Professor Mohit Bansal (UNC Computer Science) and Professor Thomas Hofweber (UNC Philosophy) invite researchers to explore the intersection of artificial intelligence and philosophy at the Symposium on AI and Society, held April 25 & 26. This event features discussions on the impact of AI on society, including topics such as ethical and moral AI, trustworthy and interpretable Large Language Models (LLMs), and social intelligence, led by experts across disciplines including computer science, philosophy, cognitive science, psychology, and data science. Join us for presentations of the latest work on AI and contribute to the dialogue on AI’s role in society. Featuring invited speakers Kathleen Creel, Josh Dever, Peter Hase, Brenden Lake, Bo Li, Maarten Sap, Jana Schaich Borg, Munindar P. Singh, and Walter Sinnott-Armstrong. Organized by the Departments of Computer Science and Philosophy with support from the UNC School of Data Science and Society.  

Program:

Thursday, April 25
  • 9:00 – 9:15 | Welcome (Bansal, Hofweber)
  • 9:15 – 10:30 | Josh Dever (UT Austin) “(When) Is It What’s On The Inside That Counts? Balancing Internalist and Externalist Considerations in LLM Metasemantics”
  • 10:30 -10:45 | Break
  • 10:45 -12:00 | Munindar P. Singh (NC State) “New Models for Trustworthy AI, Norm Deviation, and Consent in Responsible Autonomy”
  • 12:00 – 2:00 | Lunch Break
  • 2:00 – 3:15 | Jana Schaich Borg and Walter Sinnott-Armstrong (Duke) “Moral AI and How We Get There”
  • 3:15 – 3:30 | Break
  • 3:30 – 4:45 | Bo Li (Chicago) “Risk Assessment, Safety Alignment, and Guardrails for Generative Models”
Friday, April 26
  • 9:15 – 10:30 | Maarten Sap (CMU) “Artificial Social Intelligence? On the challenges of Socially Aware and Ethically informed LLMs”
  • 10:30 – 10:45 | Break
  • 10:45 – 12:00 | Peter Hase (UNC) “Toward Safe LLMs: Interpretability, Model Editing, and Scalable Oversight”
  • 12:00 – 2:15 | Lunch Break
  • 2:15 – 3:30 | Kathleen Creel (Northeastern) “Algorithmic Monoculture and the Ethics of Systemic Exclusion”
  • 3:30 – 3:45 | Break
  • 3:45 – 5:00 | Brenden Lake (NYU) “Addressing two classic debates in cognitive science with AI”

Invited Talk Information

Algorithmic Monoculture and the Ethics of Systemic Exclusion

Kathleen Creel Mistakes are inevitable, but fortunately human mistakes are typically heterogenous. Using the same machine learning model for high stakes decisions creates consistency while amplifying the weaknesses, biases, and idiosyncrasies of the original model. When the same person re-encounters the same model or models trained on the same dataset, she might be wrongly rejected again and again. Thus algorithmic monoculture could lead to consistent ill-treatment of individual people by homogenizing the decision outcomes they experience. Is it wrong to allow the quirks of an algorithmic system to consistently exclude a small number of people from consequential opportunities? Many philosophers have claimed or indicated in passing that consistent and arbitrary arbitrary exclusion is wrong, even when it is divorced from bias or discrimination. But why and under what circumstances it is wrong has not yet been established. This talk will formalize a measure of outcome homogenization, describe experiments that demonstrate that it occurs, then present an ethical argument for why and in what circumstances outcome homogenization is wrong.

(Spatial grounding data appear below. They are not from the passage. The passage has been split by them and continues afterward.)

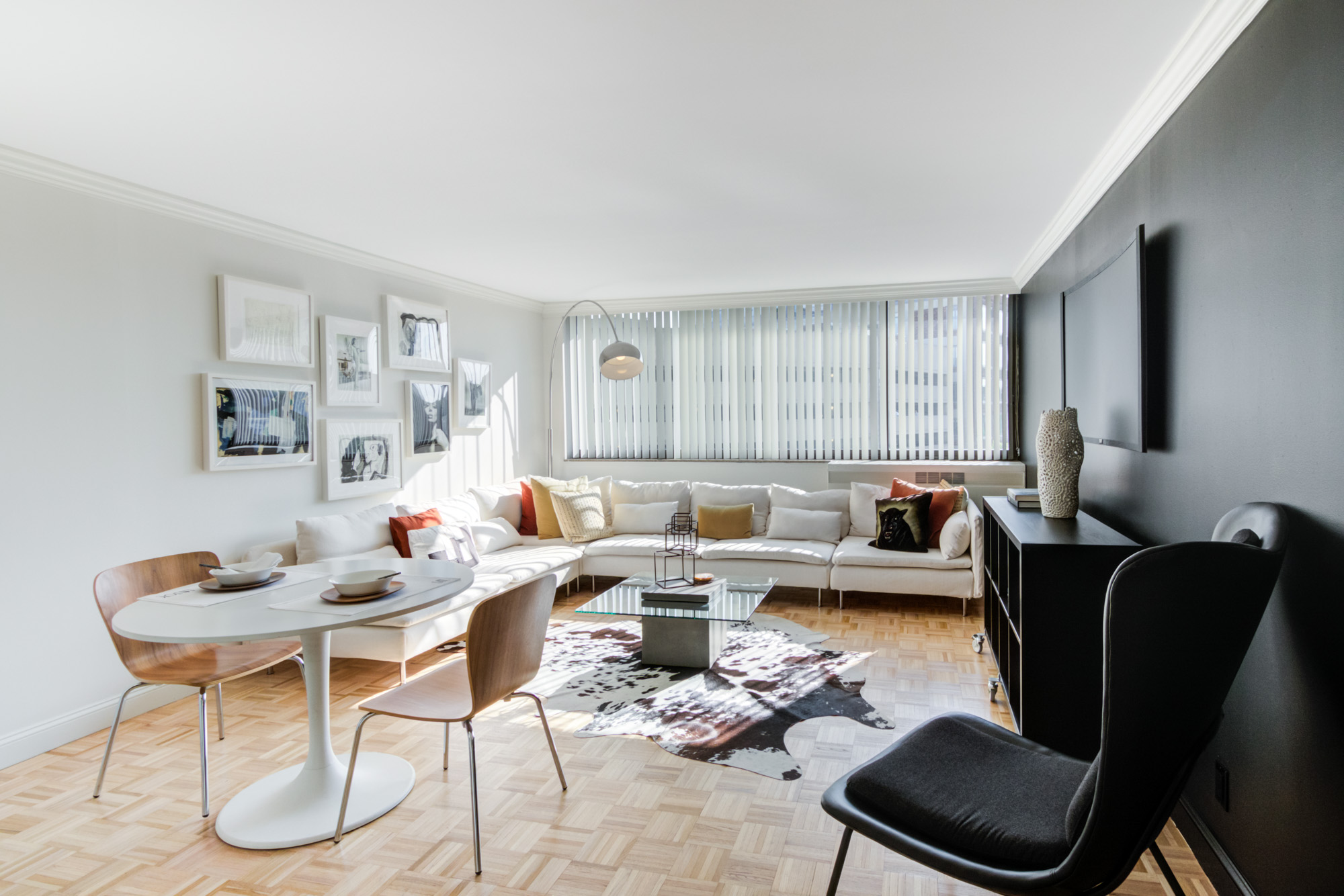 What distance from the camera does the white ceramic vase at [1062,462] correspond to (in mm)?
3152

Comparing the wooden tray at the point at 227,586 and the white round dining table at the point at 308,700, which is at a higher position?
the wooden tray at the point at 227,586

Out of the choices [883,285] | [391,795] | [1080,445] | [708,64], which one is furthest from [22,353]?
[883,285]

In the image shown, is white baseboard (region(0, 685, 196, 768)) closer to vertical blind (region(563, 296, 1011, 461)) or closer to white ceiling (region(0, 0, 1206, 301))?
white ceiling (region(0, 0, 1206, 301))

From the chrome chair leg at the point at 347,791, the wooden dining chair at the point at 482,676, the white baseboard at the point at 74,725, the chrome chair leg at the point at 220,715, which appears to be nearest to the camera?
the wooden dining chair at the point at 482,676

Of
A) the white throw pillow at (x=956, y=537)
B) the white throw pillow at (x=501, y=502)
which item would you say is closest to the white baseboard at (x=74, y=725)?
the white throw pillow at (x=501, y=502)

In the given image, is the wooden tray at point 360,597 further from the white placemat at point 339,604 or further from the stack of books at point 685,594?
the stack of books at point 685,594

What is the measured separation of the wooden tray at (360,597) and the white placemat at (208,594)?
27cm

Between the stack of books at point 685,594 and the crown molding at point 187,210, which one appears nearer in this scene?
the crown molding at point 187,210

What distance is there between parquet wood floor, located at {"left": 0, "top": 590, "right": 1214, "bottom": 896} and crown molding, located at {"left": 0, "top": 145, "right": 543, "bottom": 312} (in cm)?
248

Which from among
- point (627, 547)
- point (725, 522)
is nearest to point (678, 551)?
point (627, 547)

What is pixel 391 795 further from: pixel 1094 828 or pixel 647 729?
pixel 1094 828

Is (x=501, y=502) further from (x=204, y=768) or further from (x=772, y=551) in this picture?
(x=204, y=768)

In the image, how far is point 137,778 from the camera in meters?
2.94

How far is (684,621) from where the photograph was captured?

(When) Is It What’s On The Inside That Counts? Balancing Internalist and Externalist Considerations in LLM Metasemantics

Josh Dever If we are going to correctly attribute representational states to large language models, we will benefit from reasonable models of the factors that determine those states. The computational opacity of LLMs make internalist determination stories unpromising, so it’s tempting to explore externalist options. But we need a tempered externalism, one that explains when and to what extent internalist features still matter for representation. Considering significant ways in which the internal architecture of LLMs differs from human internal architecture, in the light of some candidate metametasemantic accounts, can shed light on the extent to which human-like representational state attribution is feasible for LLMs.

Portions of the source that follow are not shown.